Dwa lata więzienia - taki wyrok usłyszał 60-letni motocyklista z Wielkiej Brytanii, który został zatrzymany przez policję w kwietniu ubiegłego roku. Powodem zatrzymania była jazda na jednym kole, ale nieszczęśliwie dla zatrzymanego policjanci zabezpieczyli karte pamięci z kamery.
Na karcie tej znaleźli filmy dokumentujące 150 wykroczenia i niebezpieczne manewry - między innymi wyprzedzanie na linii ciągłej, jazdę z prędkością 153 mil/h czy też znaczne przekraczanie prędkości w terenie zabudowanym. Na podstawie nagrań, które wpadły w ręce policji Richard Hammond został aresztowany pod zarzutem niebezpiecznej jazdy, a jego motocykl zabezpieczony.

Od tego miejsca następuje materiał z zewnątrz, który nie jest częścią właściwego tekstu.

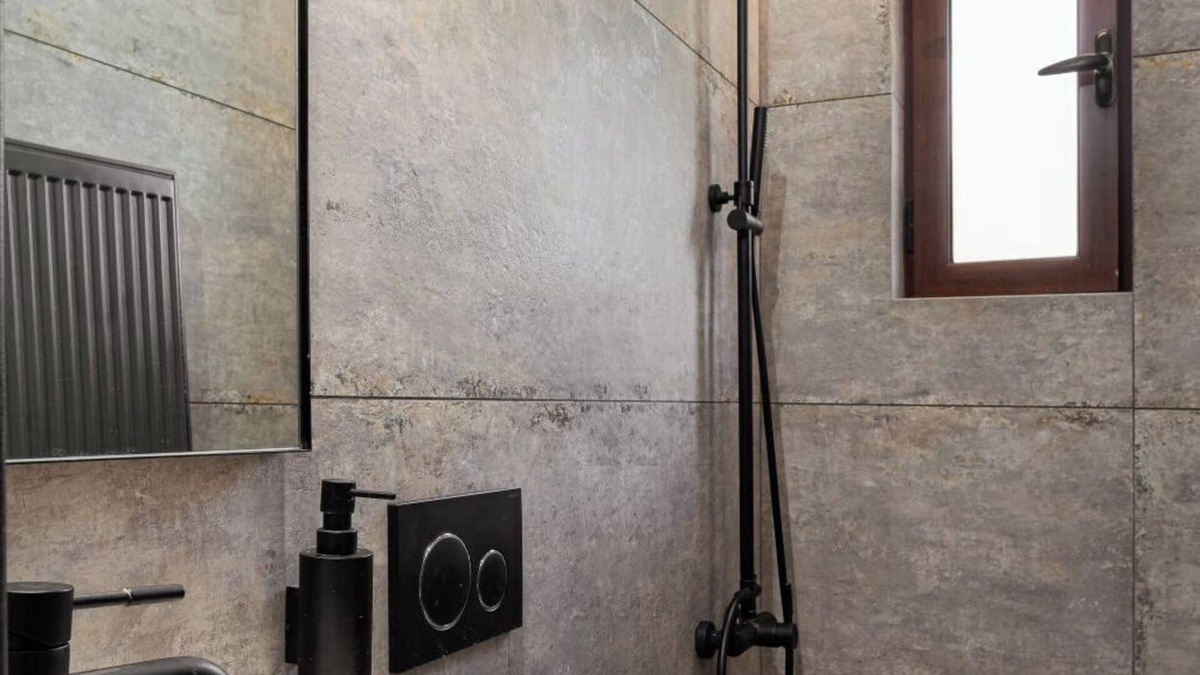 Kalavrita Apartment | Filippos by GM Luxury Suites Kalavryta
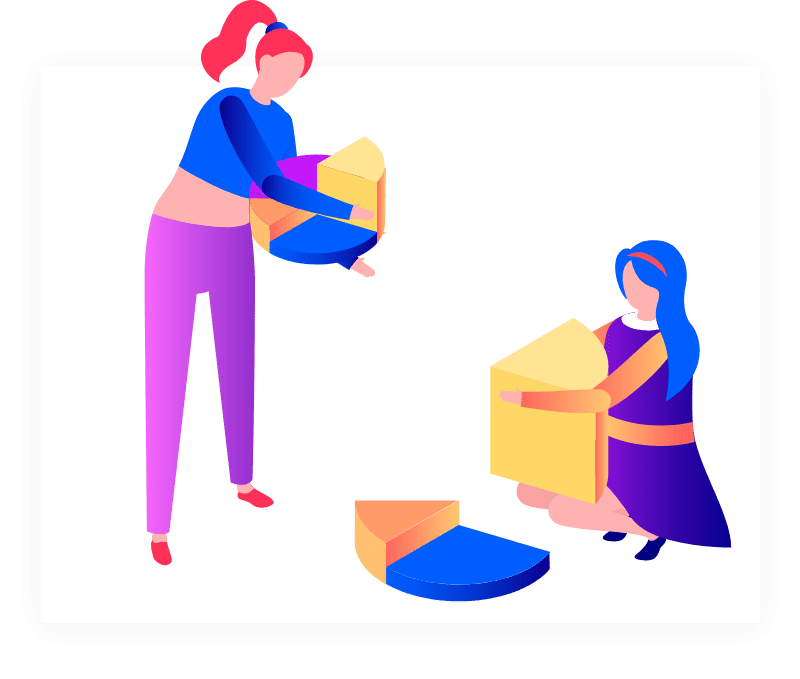 demo-attachment-39-Group-1940@2x-800x679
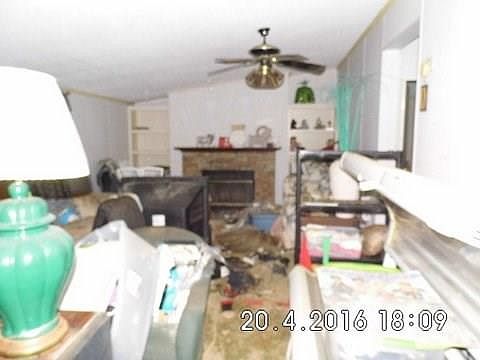 2nd image of 8809 Kelly Ln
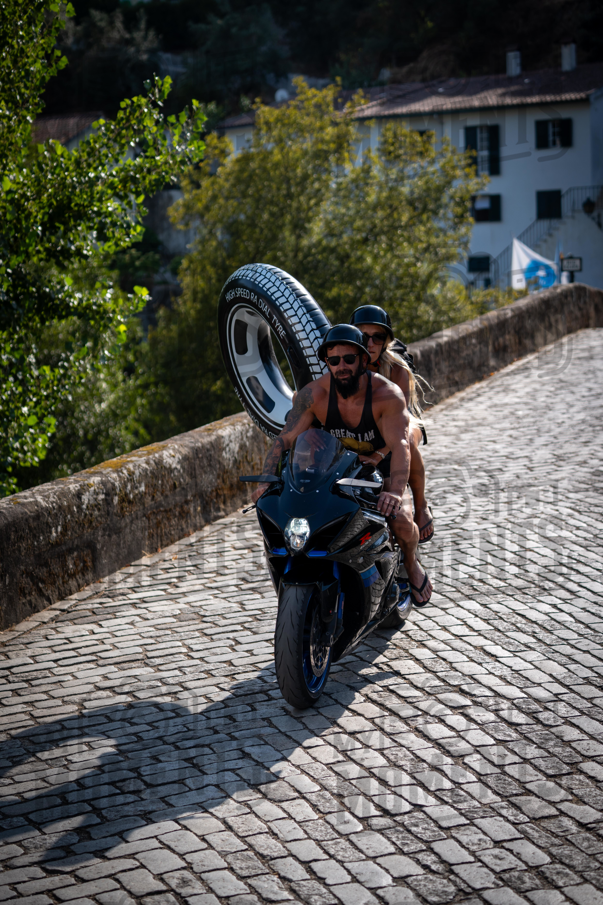 2025_Concentração de Motos Góis 2025 - 13Ago25 - Tarde _JFP08267.jpg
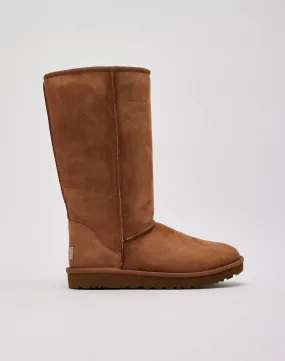 UGG Classic Tall II Boots Sporty Vibe Hunting Trip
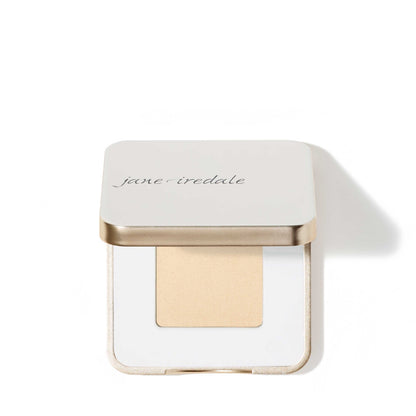 Jane Iredale PurePressed Eye Shadow Single - Jane Iredale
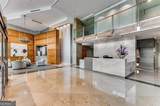 700 Park Regency Place - Photo 60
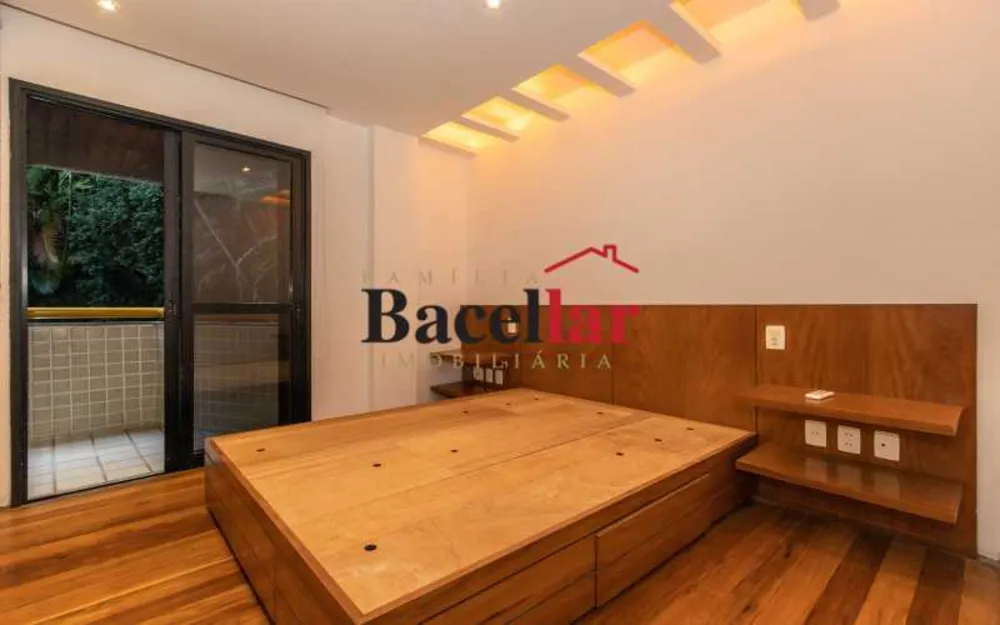 Apartamento, 2 quartos, 79 m² - Foto 7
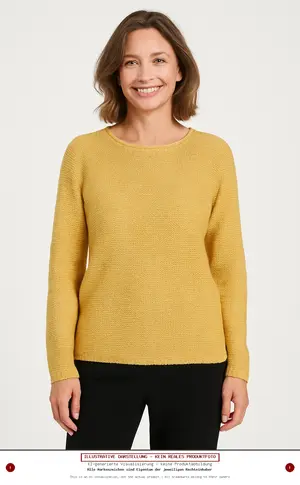 APRIORI Pullover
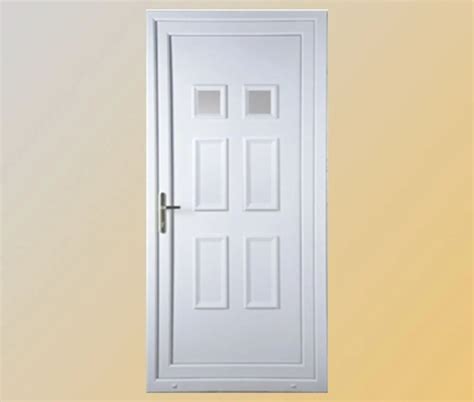 Upvc Bathroom Door At Rs 600sq Ft Bathroom Doors Upvc In Patna Id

Po przyznaniu się do czterech najpoważniejszych zarzutów Hammond został skazany po 6 miesięcy za każdy z nich. W więzieniu musi spędzić przynajmniej jeden rok - dopiero po tym okresie może on starać się o wcześniejsze opuszczenie więzienia. Brytyjczyk stracił również prawo jazdy. Sierżant Alan Spicer powiedział, że wysyła tym samym wiadomość do wszystkich kierowców oraz że nie będzie taryfy ulgowej oraz przyzwolenia dla wyścigów na publicznych drogach. Nie jest to pierwszy tego przypadek w UK - już wcześniej pisaliśmy w Moto Opinie o podobnym przypadku, gdzie motocyklista stracił prawko "testując" CBRke 1000RR.